Чем более развита семиотическая техника, тем дифференцированное социальная жизнь, том разнообразнее и тем более многопланово ее общественное отражение.
Именно в этом смысле говорит К. Маркс о будущем коммунистическом обществе как об организации высочайшего культурного уровня, позволяющего полностью проявить творческие силы человека, преодолеть историческое противоречие между индивидом и коллективом, человеком и природой, свободой и необходимостью [56] .
Попытка объединить различные аспекты социальной жизнедеятельности в зависимости от вида производственной и информационной семиотической деятельности, т. д. попытки рассмотрения целостного социального бытия индивидов, всегда были присущи исторической пауке и вообще историческому сознанию. Конкретные черты образа жизни совокупности людей порождены уровнем и характером культуры и сами порождают культуру в рамках этих черт.
Регулярно повторяемая повседневность, воспроизводимость образа жизни дает картину культуры, а развитие образа жизни в конечном счете видоизменяет данную культуру.
С исторической точки зрения образ жизни был тем синтетическим понятием, с помощью которого истолковывалось многообразие, социальных отношений. Это понятие издавна выступало как своеобразный интегральный показатель общественного строя. Как отмечает С.С. Аверинцев [57] , это понятие получает терминологическое оформление в выражении «Эйдос Зоэс» – образ жизни еще в византийском сборнике XII в.
Представление о важной, конституирующей роли образа жизни широко входит в философские, экономические и художественные тексты. Платон, Аристотель, Вико, Кондорсе, Руссо, французские просветители, представители художественной литературы XIX в. – все они рассматривают образ жизни как общую систему взаимодействия личности и социальной среды. Классическая политэкономия, утопический социализм, домарксистская философия истории исследуют образ жизни через эволюцию нравов и богатств, общественное сознание и социальную структуру. В существенной степени это понятие скрепляет философию истории Гердера и Гегеля.
В этом смысле образ жизни правомерно рассматривать как самостоятельное, социологическое понятие, с помощью которого возможно объяснение других понятий.
Такой подход к категории образа жизни сложился в своеобразную методологию эмпирического исследования. В этом исследовании ставится цель зафиксировать конкретные области социальной жизнедеятельности в избранных показателях.
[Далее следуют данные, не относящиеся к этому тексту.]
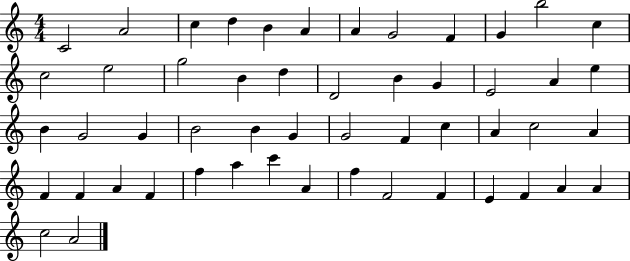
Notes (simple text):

C4/h A4/h C5/q D5/q B4/q A4/q A4/q G4/h F4/q G4/q B5/h C5/q C5/h E5/h G5/h B4/q D5/q D4/h B4/q G4/q E4/h A4/q E5/q B4/q G4/h G4/q B4/h B4/q G4/q G4/h F4/q C5/q A4/q C5/h A4/q F4/q F4/q A4/q F4/q F5/q A5/q C6/q A4/q F5/q F4/h F4/q E4/q F4/q A4/q A4/q C5/h A4/h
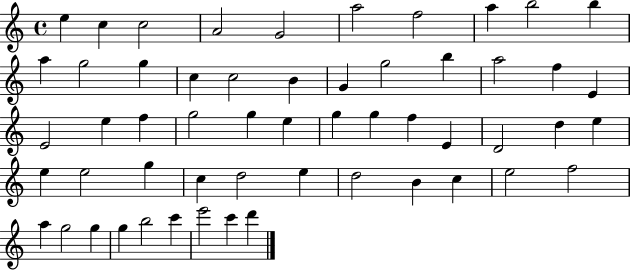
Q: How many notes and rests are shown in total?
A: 55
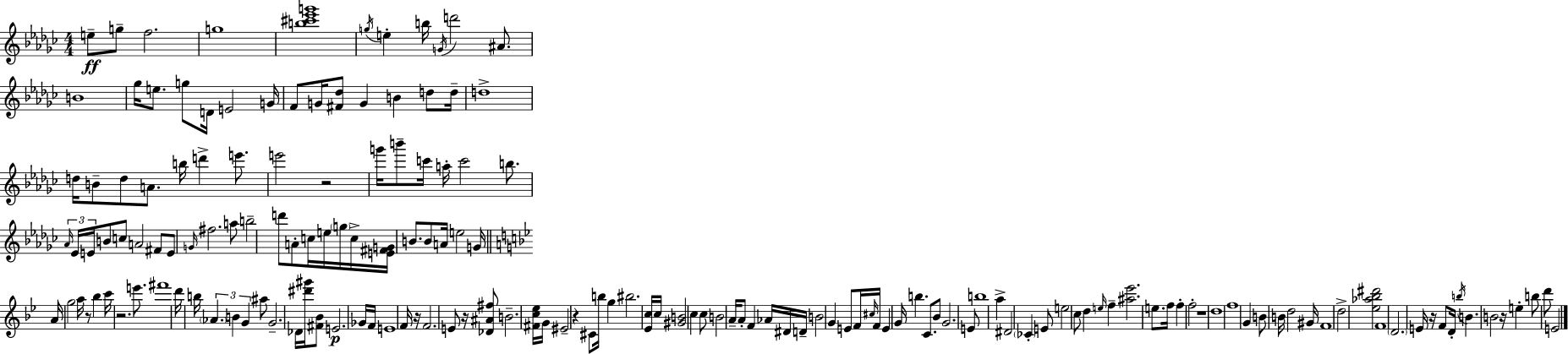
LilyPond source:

{
  \clef treble
  \numericTimeSignature
  \time 4/4
  \key ees \minor
  e''8--\ff g''8-- f''2. | g''1 | <b'' cis''' ees''' g'''>1 | \acciaccatura { g''16 } e''4-. b''16 \acciaccatura { g'16 } d'''2 ais'8. | \break b'1 | ges''16 e''8. g''8 d'16 e'2 | g'16 f'8 g'16 <fis' des''>8 g'4 b'4 d''8 | d''16-- d''1-> | \break d''16 b'8-- d''8 a'8. b''16 d'''4-> e'''8. | e'''2 r2 | g'''16 b'''8-- c'''16 a''16-. c'''2 b''8. | \tuplet 3/2 { \grace { aes'16 } ees'16 e'16 } b'8 c''8 a'2 | \break fis'8 e'8 \grace { g'16 } fis''2. | a''8 b''2-- d'''8 a'8-. | c''16 e''16 \parenthesize g''16 c''16-> <e' fis' g'>16 b'8. b'8 a'16 e''2 | g'16 \bar "||" \break \key bes \major a'16 g''2 a''16 r8 bes''4 | c'''16 r2. e'''8. | fis'''1 | d'''16 b''16 \tuplet 3/2 { \parenthesize aes'4. b'4 g'4 } | \break ais''8 g'2.-- des'16 <dis''' gis'''>16 | <fis' bes'>8 e'2.\p ges'16 f'16 | e'1 | f'16 r16 f'2. e'8 | \break r16 <des' ais' fis''>8 b'2.-- <fis' c'' ees''>16 | g'16 eis'2-- r4 cis'8 b''16 | g''4 bis''2. | <ees' c''>16 c''16 <gis' b'>2 c''4 c''8 | \break b'2 a'16-- a'8-. f'4 aes'16 | dis'16 d'16-- b'2 g'4 e'8 | f'16 \grace { cis''16 } f'16 e'4 g'16 b''4. c'8. | bes'8 g'2. e'8 | \break b''1 | a''4-> dis'2 \parenthesize ces'4-. | e'8 e''2 c''8 d''4 | \grace { e''16 } f''4-- <ais'' ees'''>2. | \break e''8. f''16 f''4-. f''2-. | r1 | d''1 | f''1 | \break g'4 b'8 b'16 d''2 | gis'16 f'1 | d''2-> <ees'' aes'' bes'' dis'''>2 | f'1 | \break \parenthesize d'2. e'16 r16 | f'8 d'16-. \acciaccatura { b''16 } b'4. b'2 | r16 e''4-. b''8 d'''8 e'2 | \bar "|."
}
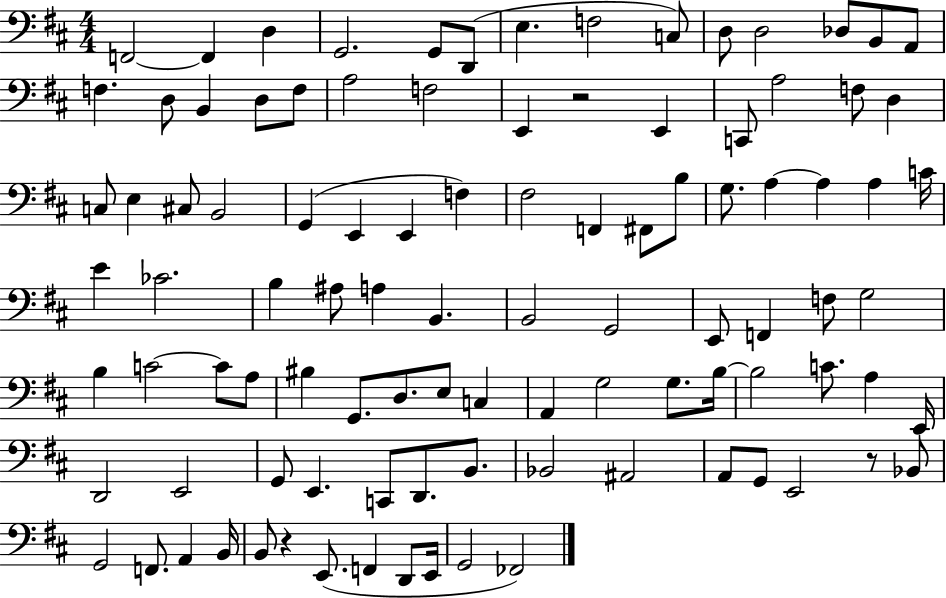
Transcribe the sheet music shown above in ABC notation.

X:1
T:Untitled
M:4/4
L:1/4
K:D
F,,2 F,, D, G,,2 G,,/2 D,,/2 E, F,2 C,/2 D,/2 D,2 _D,/2 B,,/2 A,,/2 F, D,/2 B,, D,/2 F,/2 A,2 F,2 E,, z2 E,, C,,/2 A,2 F,/2 D, C,/2 E, ^C,/2 B,,2 G,, E,, E,, F, ^F,2 F,, ^F,,/2 B,/2 G,/2 A, A, A, C/4 E _C2 B, ^A,/2 A, B,, B,,2 G,,2 E,,/2 F,, F,/2 G,2 B, C2 C/2 A,/2 ^B, G,,/2 D,/2 E,/2 C, A,, G,2 G,/2 B,/4 B,2 C/2 A, E,,/4 D,,2 E,,2 G,,/2 E,, C,,/2 D,,/2 B,,/2 _B,,2 ^A,,2 A,,/2 G,,/2 E,,2 z/2 _B,,/2 G,,2 F,,/2 A,, B,,/4 B,,/2 z E,,/2 F,, D,,/2 E,,/4 G,,2 _F,,2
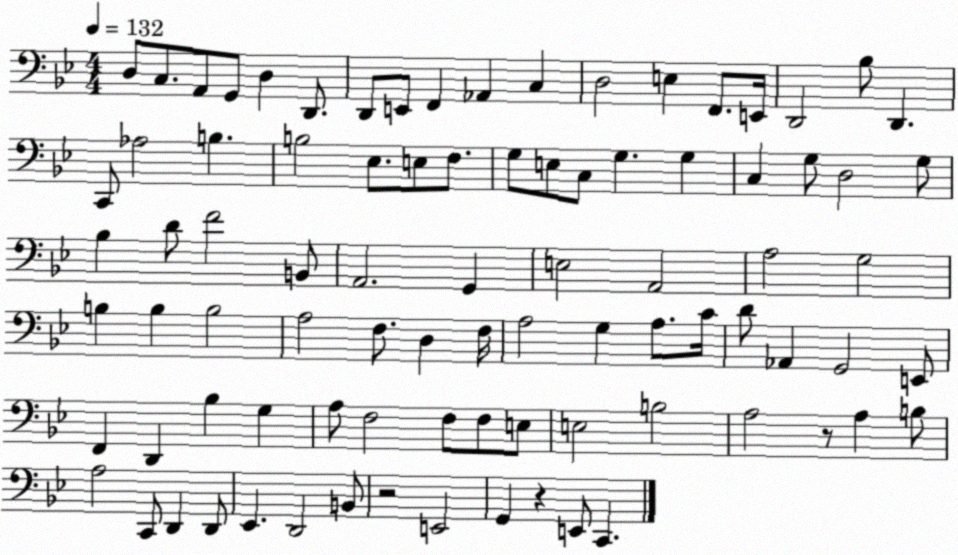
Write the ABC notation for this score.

X:1
T:Untitled
M:4/4
L:1/4
K:Bb
D,/2 C,/2 A,,/2 G,,/2 D, D,,/2 D,,/2 E,,/2 F,, _A,, C, D,2 E, F,,/2 E,,/4 D,,2 _B,/2 D,, C,,/2 _A,2 B, B,2 _E,/2 E,/2 F,/2 G,/2 E,/2 C,/2 G, G, C, G,/2 D,2 G,/2 _B, D/2 F2 B,,/2 A,,2 G,, E,2 A,,2 A,2 G,2 B, B, B,2 A,2 F,/2 D, F,/4 A,2 G, A,/2 C/4 D/2 _A,, G,,2 E,,/2 F,, D,, _B, G, A,/2 F,2 F,/2 F,/2 E,/2 E,2 B,2 A,2 z/2 A, B,/2 A,2 C,,/2 D,, D,,/2 _E,, D,,2 B,,/2 z2 E,,2 G,, z E,,/2 C,,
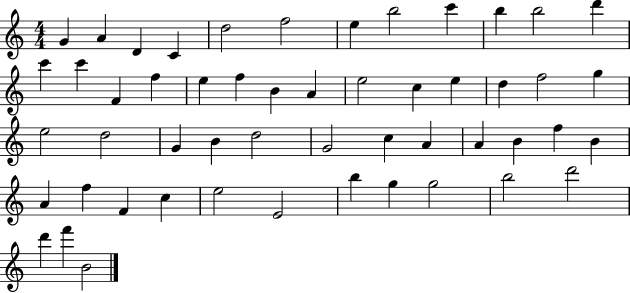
{
  \clef treble
  \numericTimeSignature
  \time 4/4
  \key c \major
  g'4 a'4 d'4 c'4 | d''2 f''2 | e''4 b''2 c'''4 | b''4 b''2 d'''4 | \break c'''4 c'''4 f'4 f''4 | e''4 f''4 b'4 a'4 | e''2 c''4 e''4 | d''4 f''2 g''4 | \break e''2 d''2 | g'4 b'4 d''2 | g'2 c''4 a'4 | a'4 b'4 f''4 b'4 | \break a'4 f''4 f'4 c''4 | e''2 e'2 | b''4 g''4 g''2 | b''2 d'''2 | \break d'''4 f'''4 b'2 | \bar "|."
}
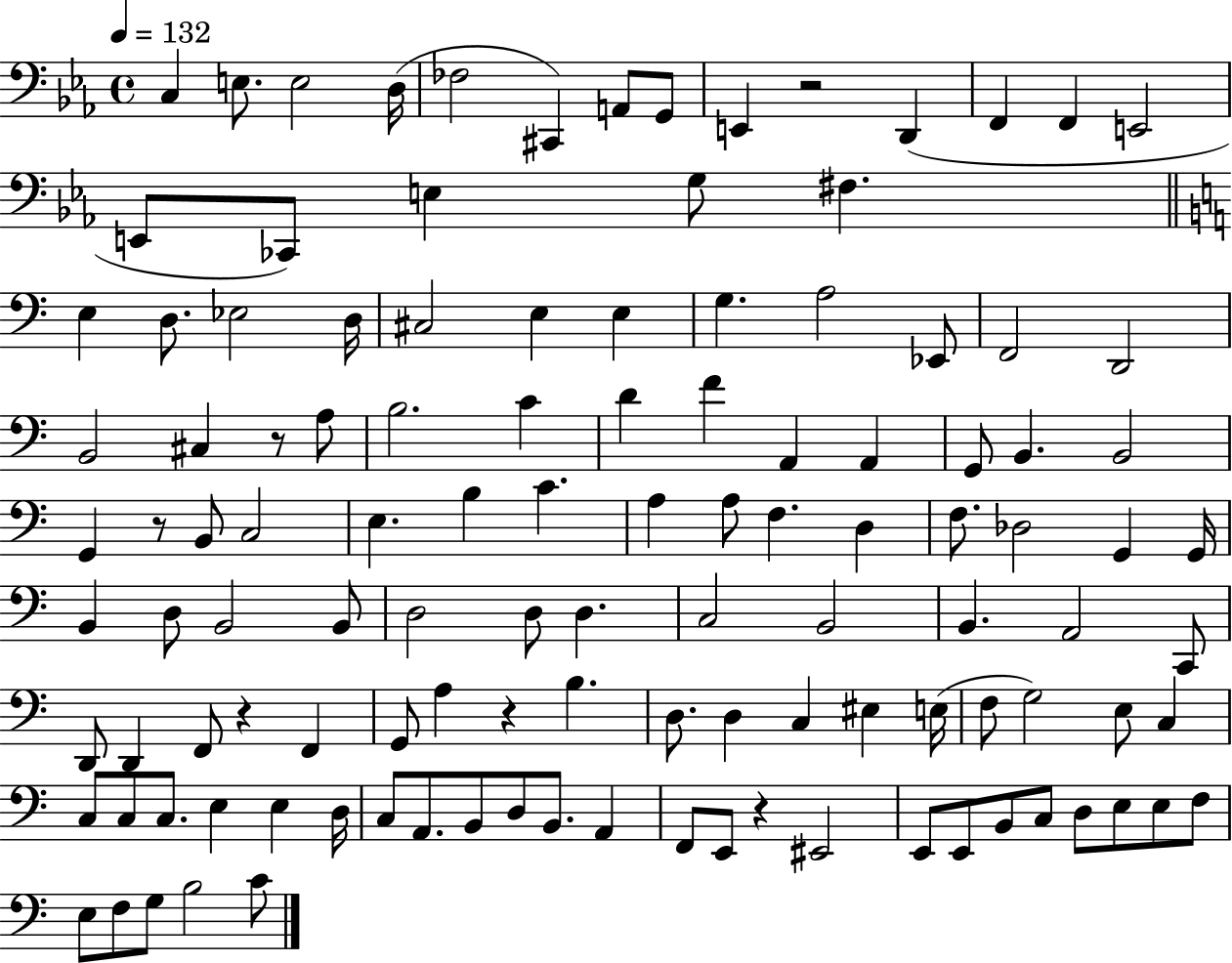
{
  \clef bass
  \time 4/4
  \defaultTimeSignature
  \key ees \major
  \tempo 4 = 132
  \repeat volta 2 { c4 e8. e2 d16( | fes2 cis,4) a,8 g,8 | e,4 r2 d,4( | f,4 f,4 e,2 | \break e,8 ces,8) e4 g8 fis4. | \bar "||" \break \key c \major e4 d8. ees2 d16 | cis2 e4 e4 | g4. a2 ees,8 | f,2 d,2 | \break b,2 cis4 r8 a8 | b2. c'4 | d'4 f'4 a,4 a,4 | g,8 b,4. b,2 | \break g,4 r8 b,8 c2 | e4. b4 c'4. | a4 a8 f4. d4 | f8. des2 g,4 g,16 | \break b,4 d8 b,2 b,8 | d2 d8 d4. | c2 b,2 | b,4. a,2 c,8 | \break d,8 d,4 f,8 r4 f,4 | g,8 a4 r4 b4. | d8. d4 c4 eis4 e16( | f8 g2) e8 c4 | \break c8 c8 c8. e4 e4 d16 | c8 a,8. b,8 d8 b,8. a,4 | f,8 e,8 r4 eis,2 | e,8 e,8 b,8 c8 d8 e8 e8 f8 | \break e8 f8 g8 b2 c'8 | } \bar "|."
}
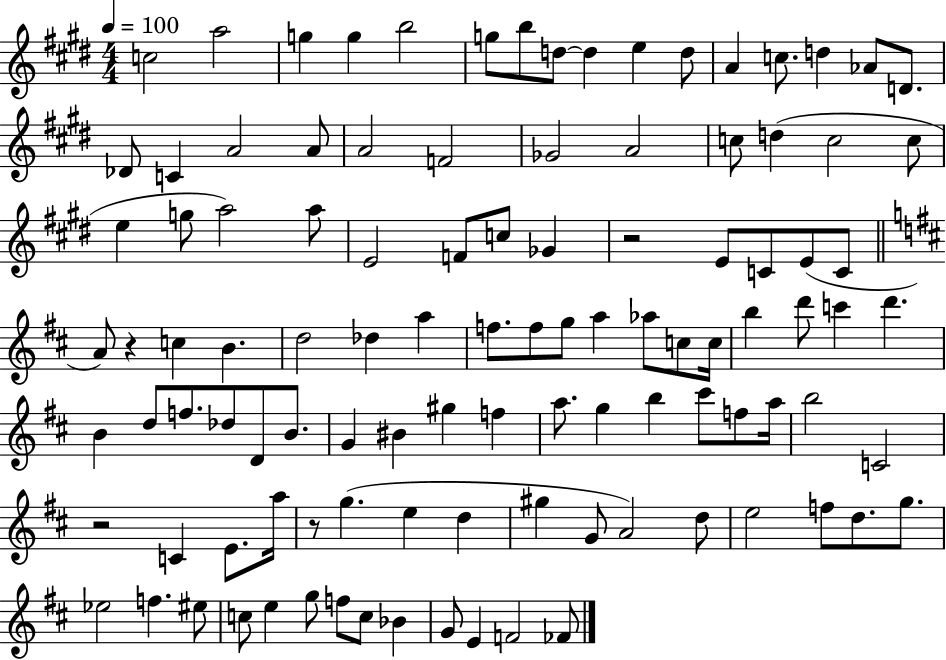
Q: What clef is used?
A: treble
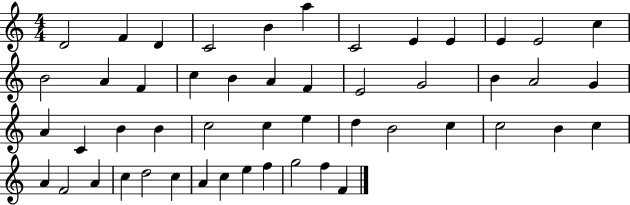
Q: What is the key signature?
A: C major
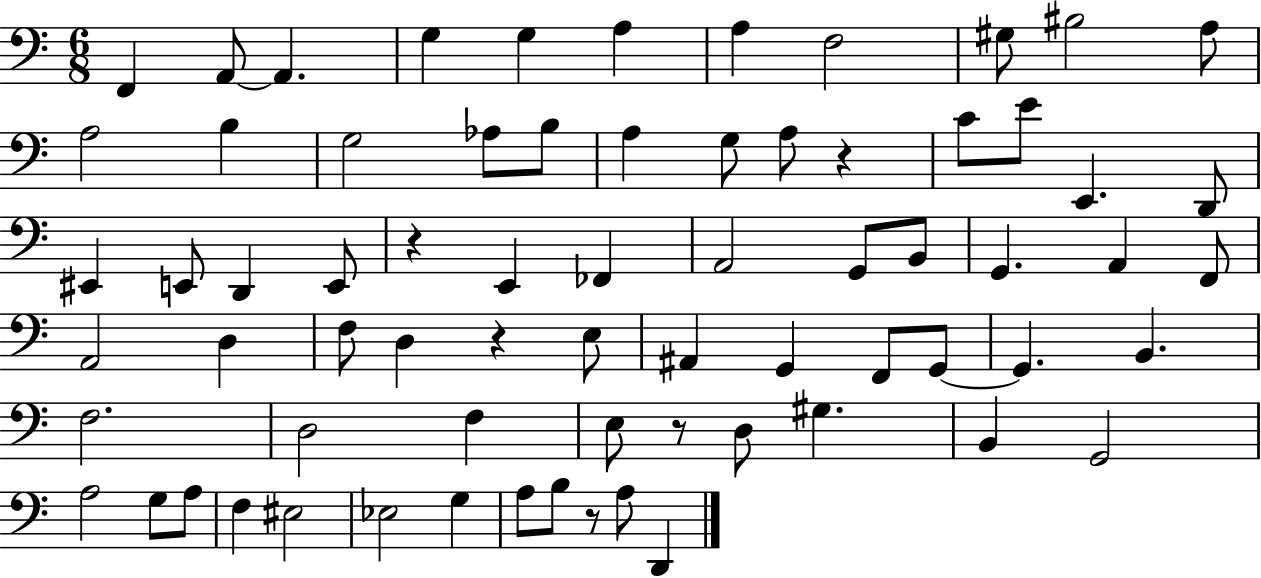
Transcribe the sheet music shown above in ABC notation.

X:1
T:Untitled
M:6/8
L:1/4
K:C
F,, A,,/2 A,, G, G, A, A, F,2 ^G,/2 ^B,2 A,/2 A,2 B, G,2 _A,/2 B,/2 A, G,/2 A,/2 z C/2 E/2 E,, D,,/2 ^E,, E,,/2 D,, E,,/2 z E,, _F,, A,,2 G,,/2 B,,/2 G,, A,, F,,/2 A,,2 D, F,/2 D, z E,/2 ^A,, G,, F,,/2 G,,/2 G,, B,, F,2 D,2 F, E,/2 z/2 D,/2 ^G, B,, G,,2 A,2 G,/2 A,/2 F, ^E,2 _E,2 G, A,/2 B,/2 z/2 A,/2 D,,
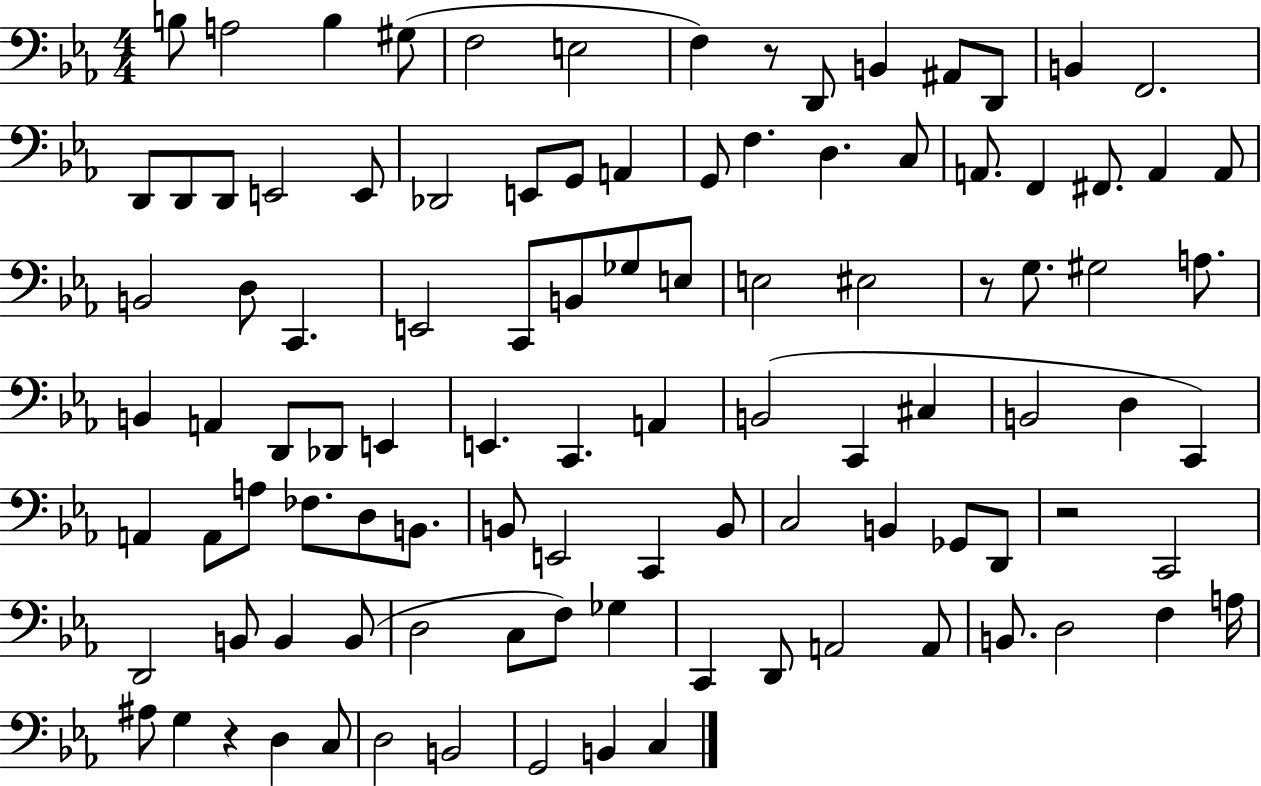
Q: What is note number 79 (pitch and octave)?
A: C3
Экскурс в историю эмпирических обследований образа жизни вплоть до ранних разработок концепций анализа социальной информации не безынтересен [58] , ибо он, во-первых, указывает на преемственность и закономерность развития современных информационных методов изучения социальной реальности и, во-вторых, более контрастно подчеркивает то новое, что принесено в современное исследование развитием техники, производством, развитием социально-экономических, семиотических, психологических и культурных отношений.
В истории познания социальных процессов эмпирическое исследование как информатический инструмент утвердилось с зарождением цивилизации, т. д. со времени распространения письменности. История сохранила свидетельства разнообразных формализованных наблюдений над явлениями общественной жизни. Результаты этих наблюдений отразились в древнейших законодательных памятниках Древнего Китая (Шу-Кинг), Индии (Дармазастра), насыщенных данными поземельных кадастров и переписей, и в Библии. Хорошо известны свидетельства Геродота о распространении численных социальных измерений в Древнем Египте и Персии. Опираясь на труды Платона, Ксенофонта, Плутарха и Аристотеля, современный историк может составить вполне обоснованное численное представление о социальном и демографическом составе населения античной Греции и Рима. То, что только в XVI в., т. д. почти через полторы тысячи лет, в Европе вновь начинает активно пробуждаться интерес к конкретному познанию эмпирии, подчеркивает, сколь сложным и длительным был процесс культурно-информационного вызревания общества.